Counting up, counting down

I used to think getting older was reaching the age Premiership footballers no longer felt fit enough to play. When they hang up their boots. Which, except for goalkeepers, is usually around age 35. Reaching that age felt a peculiar milestone of sorts. I am around the same age as some of England’s ‘Golden Generation’, the Frank Lampards, Steven Gerrards, and John Terrys. When they retired – indeed when little Michael Owen retired, one of my first teenage crushes – I started to feel, erm, a little old.

But youth is wasted on the young, so they say.

Grotbags
Even the TV stars us 1980s kids grew up with are passing away

TV, Pop and even now some of the sports stars us 1980s kids grew up with are starting to pass away. In December 2016, when my favourite artist, George Michael, suddenly died, I obviously felt sad. I also felt closer to middle age.

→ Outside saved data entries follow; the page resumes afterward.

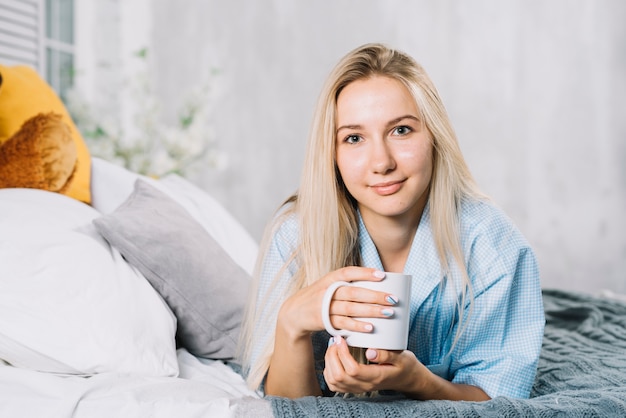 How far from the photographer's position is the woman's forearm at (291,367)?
1206 mm

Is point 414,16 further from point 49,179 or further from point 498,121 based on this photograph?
point 49,179

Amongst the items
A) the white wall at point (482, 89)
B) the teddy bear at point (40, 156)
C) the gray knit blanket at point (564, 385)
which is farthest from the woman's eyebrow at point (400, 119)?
the white wall at point (482, 89)

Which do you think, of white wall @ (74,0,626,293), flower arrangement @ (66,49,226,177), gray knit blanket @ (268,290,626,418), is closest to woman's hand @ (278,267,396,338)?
gray knit blanket @ (268,290,626,418)

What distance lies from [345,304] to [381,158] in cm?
36

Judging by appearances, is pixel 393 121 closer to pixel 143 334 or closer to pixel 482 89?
pixel 143 334

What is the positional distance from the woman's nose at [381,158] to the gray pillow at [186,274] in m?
0.53

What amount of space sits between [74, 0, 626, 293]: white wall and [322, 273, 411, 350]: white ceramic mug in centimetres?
321

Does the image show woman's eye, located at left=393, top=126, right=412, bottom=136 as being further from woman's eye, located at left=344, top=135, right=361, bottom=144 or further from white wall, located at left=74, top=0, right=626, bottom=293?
white wall, located at left=74, top=0, right=626, bottom=293

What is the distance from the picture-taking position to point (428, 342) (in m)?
1.43

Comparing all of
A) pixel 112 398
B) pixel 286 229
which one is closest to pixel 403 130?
pixel 286 229

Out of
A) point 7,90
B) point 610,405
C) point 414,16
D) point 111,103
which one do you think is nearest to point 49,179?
point 7,90

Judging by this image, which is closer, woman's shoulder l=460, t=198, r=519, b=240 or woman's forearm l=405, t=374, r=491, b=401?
woman's forearm l=405, t=374, r=491, b=401

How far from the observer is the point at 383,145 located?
51.0 inches

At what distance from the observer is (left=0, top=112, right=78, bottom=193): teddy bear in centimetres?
177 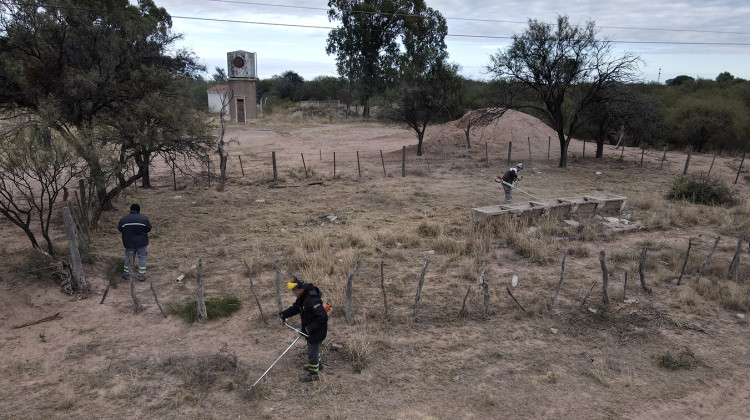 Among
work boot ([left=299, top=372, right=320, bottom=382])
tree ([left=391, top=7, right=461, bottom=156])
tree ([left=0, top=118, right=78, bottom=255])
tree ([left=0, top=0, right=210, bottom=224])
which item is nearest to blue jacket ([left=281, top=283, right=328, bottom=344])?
work boot ([left=299, top=372, right=320, bottom=382])

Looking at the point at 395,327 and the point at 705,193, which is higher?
the point at 705,193

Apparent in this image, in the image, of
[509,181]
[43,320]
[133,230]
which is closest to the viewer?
[43,320]

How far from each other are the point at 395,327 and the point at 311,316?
1788 millimetres

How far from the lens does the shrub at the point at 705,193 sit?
1454 cm

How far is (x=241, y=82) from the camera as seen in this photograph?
44281 millimetres

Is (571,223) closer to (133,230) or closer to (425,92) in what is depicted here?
(133,230)

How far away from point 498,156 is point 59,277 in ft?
68.5

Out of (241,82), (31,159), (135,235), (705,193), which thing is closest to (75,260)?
(135,235)

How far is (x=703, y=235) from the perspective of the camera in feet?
37.9

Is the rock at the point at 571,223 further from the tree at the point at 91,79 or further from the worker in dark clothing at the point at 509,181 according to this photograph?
the tree at the point at 91,79

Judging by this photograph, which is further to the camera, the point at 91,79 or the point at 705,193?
the point at 705,193

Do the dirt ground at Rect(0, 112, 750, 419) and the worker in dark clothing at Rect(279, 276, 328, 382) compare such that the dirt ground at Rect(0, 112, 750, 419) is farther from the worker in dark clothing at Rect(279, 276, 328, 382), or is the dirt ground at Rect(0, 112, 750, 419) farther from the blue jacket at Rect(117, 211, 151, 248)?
the blue jacket at Rect(117, 211, 151, 248)

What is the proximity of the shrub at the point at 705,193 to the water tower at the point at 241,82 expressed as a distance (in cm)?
3717

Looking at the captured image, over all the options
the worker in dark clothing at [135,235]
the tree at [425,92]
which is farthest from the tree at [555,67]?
the worker in dark clothing at [135,235] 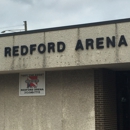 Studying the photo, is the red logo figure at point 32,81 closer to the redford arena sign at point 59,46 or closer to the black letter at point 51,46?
the redford arena sign at point 59,46

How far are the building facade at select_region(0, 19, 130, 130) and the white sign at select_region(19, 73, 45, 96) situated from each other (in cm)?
4

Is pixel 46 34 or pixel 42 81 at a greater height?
pixel 46 34

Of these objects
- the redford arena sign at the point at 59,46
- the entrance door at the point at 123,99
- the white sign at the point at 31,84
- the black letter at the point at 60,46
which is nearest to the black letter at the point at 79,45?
the redford arena sign at the point at 59,46

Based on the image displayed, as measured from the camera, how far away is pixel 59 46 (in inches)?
559

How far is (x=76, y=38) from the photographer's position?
14.0 m

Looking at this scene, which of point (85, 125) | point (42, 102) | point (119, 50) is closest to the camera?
point (119, 50)

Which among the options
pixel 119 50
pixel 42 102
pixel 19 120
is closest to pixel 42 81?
pixel 42 102

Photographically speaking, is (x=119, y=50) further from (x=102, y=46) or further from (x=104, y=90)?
(x=104, y=90)

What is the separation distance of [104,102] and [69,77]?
164 centimetres

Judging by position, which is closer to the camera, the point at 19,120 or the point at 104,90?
the point at 104,90

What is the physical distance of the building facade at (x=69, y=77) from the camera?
13508mm

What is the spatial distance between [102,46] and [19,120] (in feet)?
15.8

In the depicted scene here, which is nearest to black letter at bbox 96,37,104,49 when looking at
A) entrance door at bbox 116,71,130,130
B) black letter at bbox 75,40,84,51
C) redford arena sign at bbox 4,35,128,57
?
redford arena sign at bbox 4,35,128,57

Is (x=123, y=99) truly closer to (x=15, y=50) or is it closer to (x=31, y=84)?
(x=31, y=84)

When Grotbags, the famed witch from children’s TV days of yore, died, my childhood felt very much in the distant past!

The eternal kid

But why must I insist on always living in the past? Why count all these anniversaries and milestones? The past can anchor me – any of us – but it can also claim too much control. I have been experiencing vivid childhood memories. Tasting, touching and seeing them, even.

I recall the pale brown bathtub we used to soak ourselves in. With Matey bubblebath. And the wind that howled through the crack in the window damaged in the great 1987 storm.

Infinite possibilities of childhood
I used to dream of worlds beyond our upstairs toilet

I recall how as a young boy I used to turn my head at an angle when I was resting on my pillow on the top bunk. I would look beyond my bedroom door, left ajar, and through to the toilet with its whirring fan and darkened panel windows.

I imagined out there, out into the dark, lay space. Infinite and intergalactic possibilities. I was an imaginative child and found it difficult to give expression to everything I was feeling. These days, there’s a label for it: ‘Highly Sensitive’.

Living in the present

Last year, I felt possibly the closest I ever have to my actual age, when I was sized up to see whether I was fit enough for a major operation. I donated a kidney. I was told I just made the grade, my kidney had been misbehaving at school, but recently had settled down. I was donating to my Dad, who was exactly double my age. I had turned 37, and he was 74.

(Mostly) happy with where I am
I have many good days and am very lucky, but I want to live in the present more

I imagine myself at 74, whether I will be jogging, whether as the esteemed US author, Ken Druck, terms it, I will be ‘flourishing in the second half of life‘. He talks affirmatively about opting out of the ‘dread, decline and diminishment mind-set’, which I recognise from my time working at Age UK and Independent Age is key.

Dad had three of us, my two sisters and I, when he was 38. Mum was just 32 in fact, when I popped along. I don’t have nearly as much responsibility as them. Sometimes that is remarkably freeing. Sometimes, though, I feel responsibility is just what I thrive on and need.

A new start in 2020

I have started a new qualification course in Generative Coaching. It has stimulated me, not just intellectually, but helping me to also connect with the present. Neither to nostalgise the past, nor catastrophise or simply dream away the future. There’s many more days of coaching to go.